Output, word for word, the line that contains "11920 Pecan Gate" and all lines after it in the records below, omitting pictures.

==== THE INPUT ====

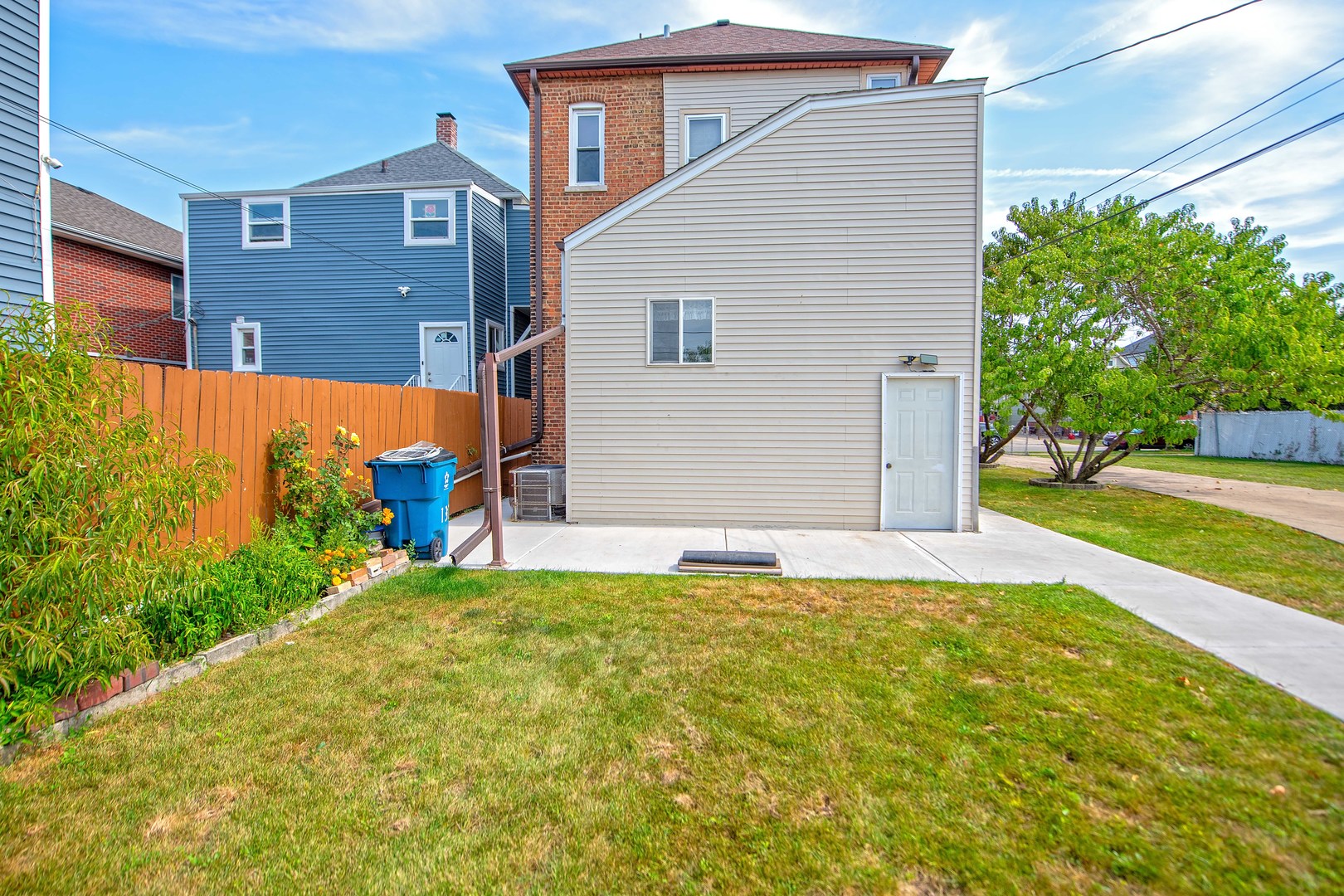132 N 22nd Avenue, Melrose Park, IL 60160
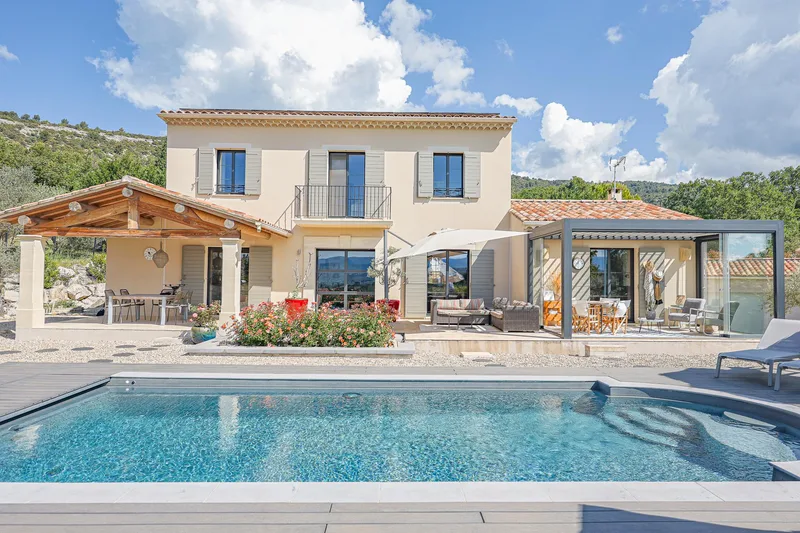 House / Villa 7 rooms in Saint-Saturnin-Lès-Apt
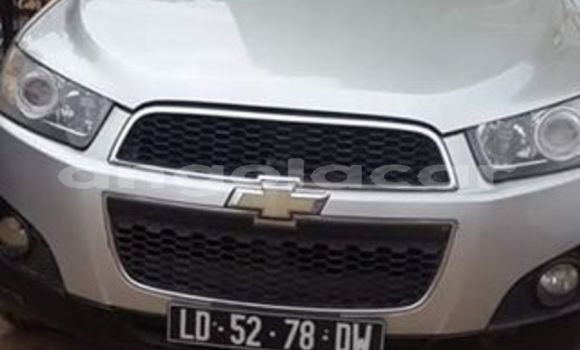 Comprar Usado Chevrolet Captiva Prata Carro em Luanda em Luanda Province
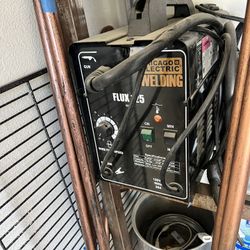  CHICAGO ELECTRIC FLUX CORE WELDER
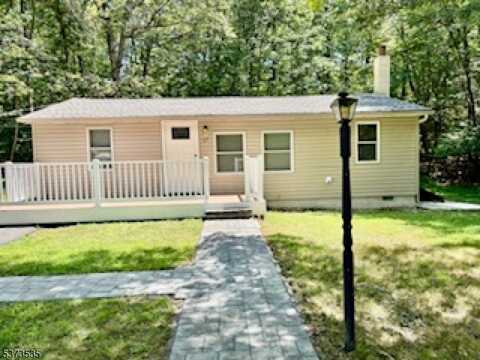17 Eastbrook Ln, Hampton, NJ 07860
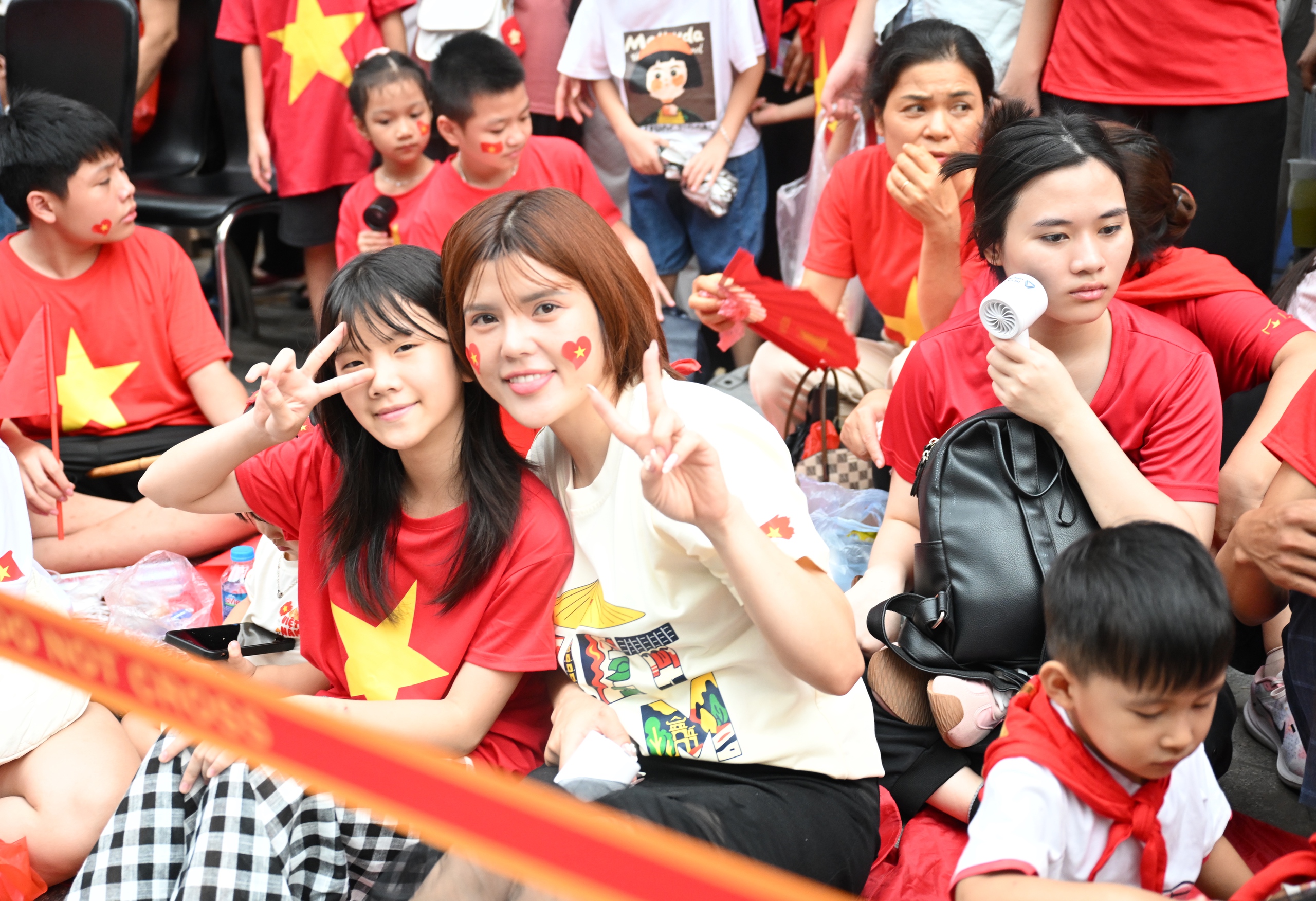 Người dân chen chân xem tổng hợp luyện diễu binh, diễu hành tại Quảng trường Ba Đình- Ảnh 21.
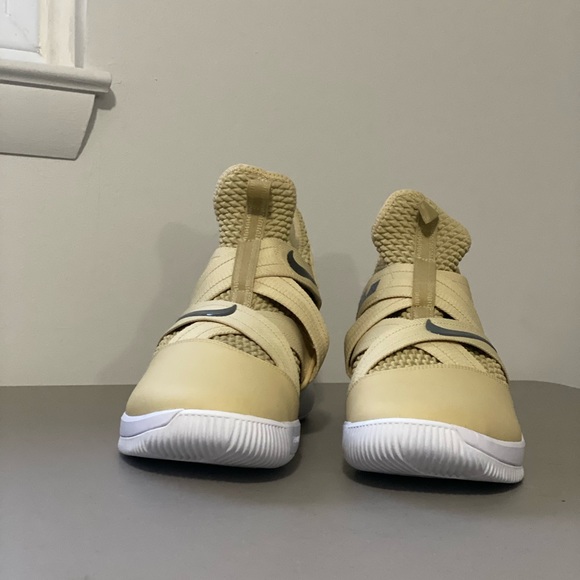 Nike Lebron Zoom Soldier 12 Team Gold size 12.5 - Picture 2 of 10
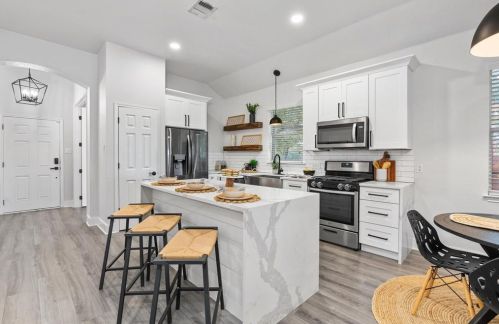 11920 Pecan Gate Way, Webberville TX 78653-3975 exterior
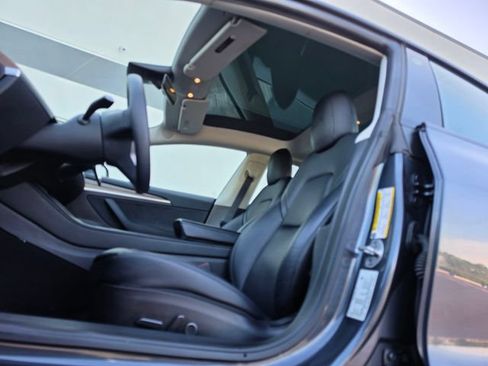 Used 2022 Tesla Model 3 Long Range AWD/4WD image 22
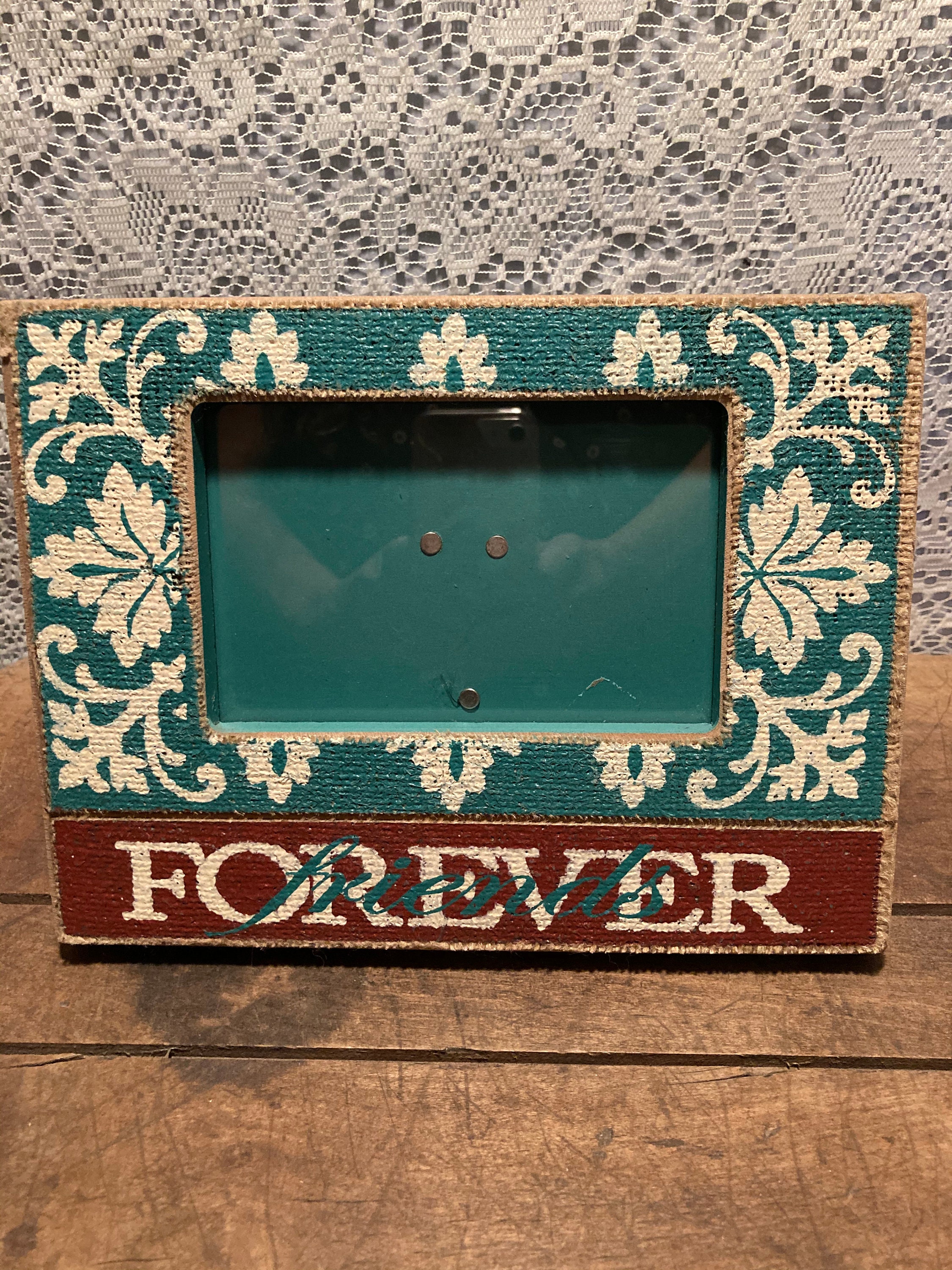 Forever Friends Wood Photo Frame – Cedar Crate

====

EXERCISE OUTPUT
 11920 Pecan Gate Way, Webberville TX 78653-3975 exterior
 Used 2022 Tesla Model 3 Long Range AWD/4WD image 22
 Forever Friends Wood Photo Frame – Cedar Crate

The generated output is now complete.